What Does it Mean to Be in Danger of Extinction?
What does it mean for an animal to be in danger of extinction? Beyond the obvious fact that their wild populations are in danger of disappearing, this issue is much more complicated. When a species is in danger of extinction it’s part one of the categories in which IUCN listed (The International Union for the Conservation) species fall.
The IUCN is the first organization dedicated to the conservation of history and which created the red list. This list classifies species according to their degree of threat of extinction. We’ll discuss them below.
Animals in danger of extinction: least concern
Some species are still going strong and are in the least concern category. Here, you’ll also find human beings. Then threats appear and so do ‘near- threatened’ species. Alarms bells ring and plans are put in place to closely monitor the populations of the species.

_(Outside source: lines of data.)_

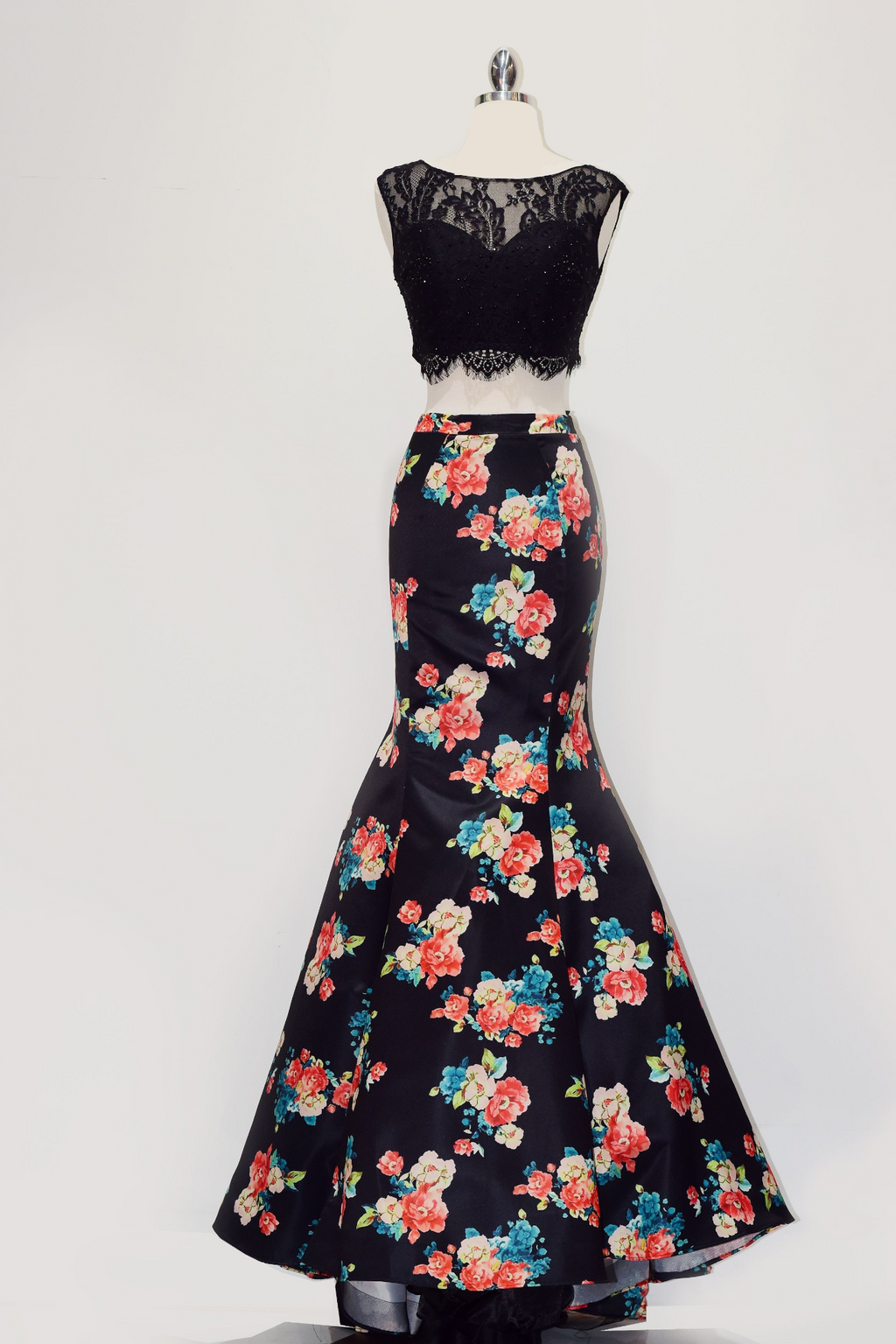 Two-Pieces Dress with Floral Print Skirt Purplish Diva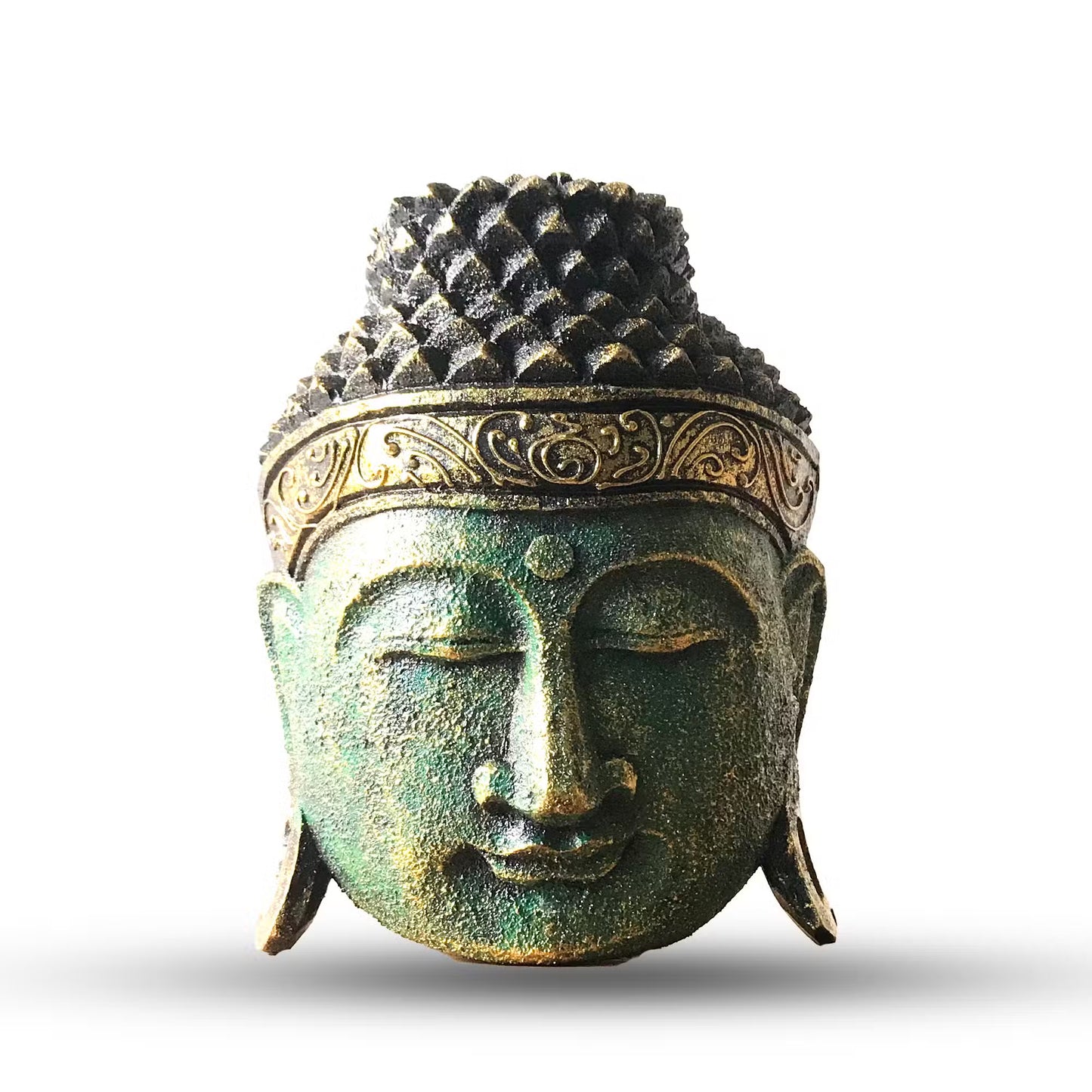 Buddha Head - 25cm - Green Shine Finish
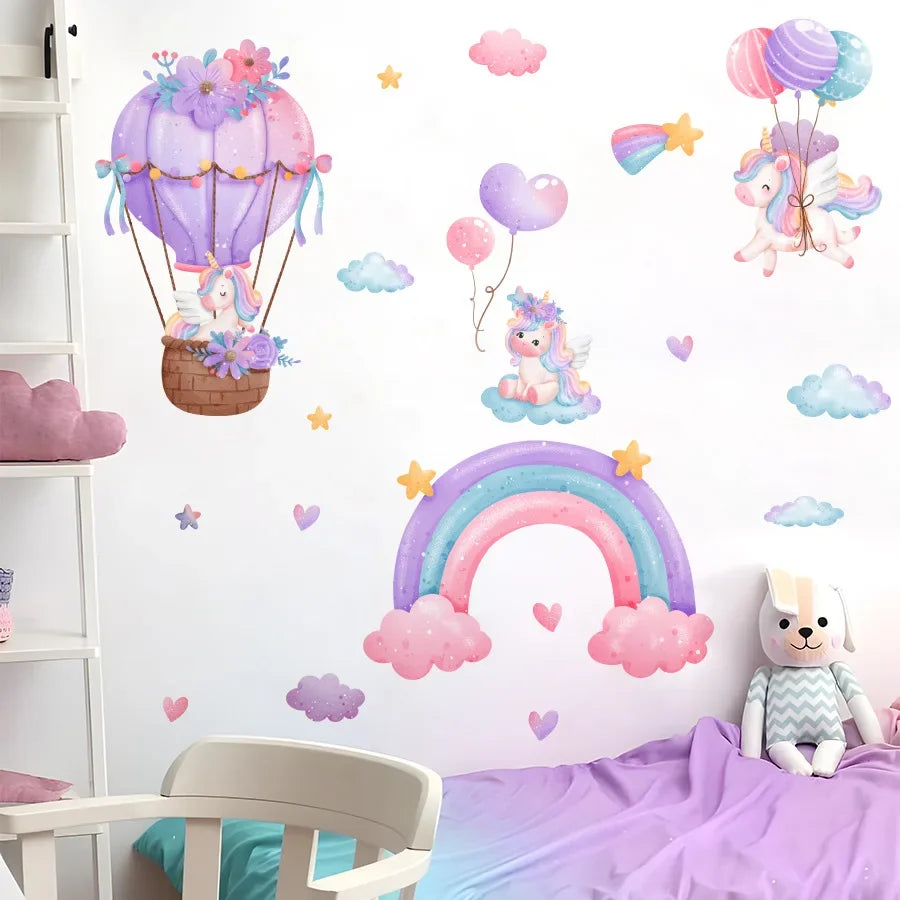 Rainbow Hot Air Balloon Unicorn Star Cloud Love Wall Decal Self-Adhesive Sticker for Girl's Bedroom Dormitory Decor-HomeDecorDecals_com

The Iberian wolf is a somewhat controversial designation, as many consider this species endangered.
Many species don’t have a specific degree of threat, as we still don’t know their numbers. Unfortunately, most of the species that have been discovered in recent years, whose threat was unknown, tend to move to the most dangerous categories, as is the case with the new orangutan species that has recently been discovered.
All animals in this category have suffered many casualties and their former territory and population sizes have reduced. The vulnerable species category is the least threatened, although the risk of being endangered is high.
Many species once threatened by extinction have made the reverse path, and today they’re vulnerable species, such as the panda bear.
Then, we look at species that are in danger of extinction. These ones are at risk of disappearing from our planet, as is the case with the Iberian lynx. Although many people think that animals in danger of extinction are the most threatened, this isn’t the case. There’s another category before extinction: animals in critical danger of extinction, such as the European mink, threatened by the introduction of the American mink into Europe.
Logically, when we talk about an extinct species, we mean an animal that has disappeared entirely from the planet, such as the Tasmanian tiger or the giant auk.
Some species haven’t disappeared from the planet but they no longer live in natural spaces. For example, those that live in breeding centers or zoos. However, they’re very specific cases, such as the ax-billed turkey or the Hawaiian crow. Animals that don’t live in the wild but still live in captivity are considered to be extinct in the wild.
Unfortunately, most species that are currently changing categories are increasingly approaching close to extinction, rather than moving away from extinction. A group of animals such as primates shows harrowing data: 60% of primates are in danger of extinction and are losing numbers from their populations; species such as gorillas or orangutans are shrinking by the day.
Similarly, amphibians are losing many members. Island dwelling birds aren’t safe either, as they’re one of the most extinct groups in the last century. Will we stop this in time, or will it be too late for the animals we love?
Unfortunately, most species that are currently changing category do so by becoming closer to extinction.